> [The problem]
Please write out every entry below, word for word.

Short text fragments from websites:
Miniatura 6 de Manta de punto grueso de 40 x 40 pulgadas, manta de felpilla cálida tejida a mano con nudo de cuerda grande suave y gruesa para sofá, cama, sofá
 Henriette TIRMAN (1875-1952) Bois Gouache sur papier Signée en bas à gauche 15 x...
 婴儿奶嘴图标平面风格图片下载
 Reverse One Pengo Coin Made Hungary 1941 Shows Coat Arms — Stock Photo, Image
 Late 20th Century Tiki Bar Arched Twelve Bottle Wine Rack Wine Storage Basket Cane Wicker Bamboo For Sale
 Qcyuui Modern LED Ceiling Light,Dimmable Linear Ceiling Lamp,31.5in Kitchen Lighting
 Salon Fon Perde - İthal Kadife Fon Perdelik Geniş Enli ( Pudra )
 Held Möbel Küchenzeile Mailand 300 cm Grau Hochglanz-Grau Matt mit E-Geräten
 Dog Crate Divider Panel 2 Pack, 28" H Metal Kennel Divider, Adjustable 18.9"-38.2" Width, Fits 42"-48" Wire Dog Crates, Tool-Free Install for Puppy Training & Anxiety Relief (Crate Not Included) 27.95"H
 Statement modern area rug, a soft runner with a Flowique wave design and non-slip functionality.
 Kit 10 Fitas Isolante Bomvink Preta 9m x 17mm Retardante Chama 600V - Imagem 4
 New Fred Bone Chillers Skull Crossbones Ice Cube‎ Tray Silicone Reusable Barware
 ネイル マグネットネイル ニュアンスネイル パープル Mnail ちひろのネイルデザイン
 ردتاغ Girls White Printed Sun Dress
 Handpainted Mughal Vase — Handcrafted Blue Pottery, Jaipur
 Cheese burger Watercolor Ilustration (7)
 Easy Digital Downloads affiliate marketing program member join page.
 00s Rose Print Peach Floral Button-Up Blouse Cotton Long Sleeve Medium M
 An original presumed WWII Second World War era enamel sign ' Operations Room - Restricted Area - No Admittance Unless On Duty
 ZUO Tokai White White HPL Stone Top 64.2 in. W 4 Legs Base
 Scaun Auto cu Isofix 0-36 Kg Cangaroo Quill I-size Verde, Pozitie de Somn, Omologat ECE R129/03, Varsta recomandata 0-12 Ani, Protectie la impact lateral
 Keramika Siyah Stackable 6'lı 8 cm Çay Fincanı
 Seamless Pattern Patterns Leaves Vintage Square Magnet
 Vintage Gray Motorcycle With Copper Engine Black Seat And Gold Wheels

> [Reply]
Miniatura 6 de Manta de punto grueso de 40 x 40 pulgadas, manta de felpilla cálida tejida a mano con nudo de cuerda grande suave y gruesa para sofá, cama, sofá
 Henriette TIRMAN (1875-1952) Bois Gouache sur papier Signée en bas à gauche 15 x...
 婴儿奶嘴图标平面风格图片下载
 Reverse One Pengo Coin Made Hungary 1941 Shows Coat Arms — Stock Photo, Image
 Late 20th Century Tiki Bar Arched Twelve Bottle Wine Rack Wine Storage Basket Cane Wicker Bamboo For Sale
 Qcyuui Modern LED Ceiling Light,Dimmable Linear Ceiling Lamp,31.5in Kitchen Lighting
 Salon Fon Perde - İthal Kadife Fon Perdelik Geniş Enli ( Pudra )
 Held Möbel Küchenzeile Mailand 300 cm Grau Hochglanz-Grau Matt mit E-Geräten
 Dog Crate Divider Panel 2 Pack, 28" H Metal Kennel Divider, Adjustable 18.9"-38.2" Width, Fits 42"-48" Wire Dog Crates, Tool-Free Install for Puppy Training & Anxiety Relief (Crate Not Included) 27.95"H
 Statement modern area rug, a soft runner with a Flowique wave design and non-slip functionality.
 Kit 10 Fitas Isolante Bomvink Preta 9m x 17mm Retardante Chama 600V - Imagem 4
 New Fred Bone Chillers Skull Crossbones Ice Cube‎ Tray Silicone Reusable Barware
 ネイル マグネットネイル ニュアンスネイル パープル Mnail ちひろのネイルデザイン
 ردتاغ Girls White Printed Sun Dress
 Handpainted Mughal Vase — Handcrafted Blue Pottery, Jaipur
 Cheese burger Watercolor Ilustration (7)
 Easy Digital Downloads affiliate marketing program member join page.
 00s Rose Print Peach Floral Button-Up Blouse Cotton Long Sleeve Medium M
 An original presumed WWII Second World War era enamel sign ' Operations Room - Restricted Area - No Admittance Unless On Duty
 ZUO Tokai White White HPL Stone Top 64.2 in. W 4 Legs Base
 Scaun Auto cu Isofix 0-36 Kg Cangaroo Quill I-size Verde, Pozitie de Somn, Omologat ECE R129/03, Varsta recomandata 0-12 Ani, Protectie la impact lateral
 Keramika Siyah Stackable 6'lı 8 cm Çay Fincanı
 Seamless Pattern Patterns Leaves Vintage Square Magnet
 Vintage Gray Motorcycle With Copper Engine Black Seat And Gold Wheels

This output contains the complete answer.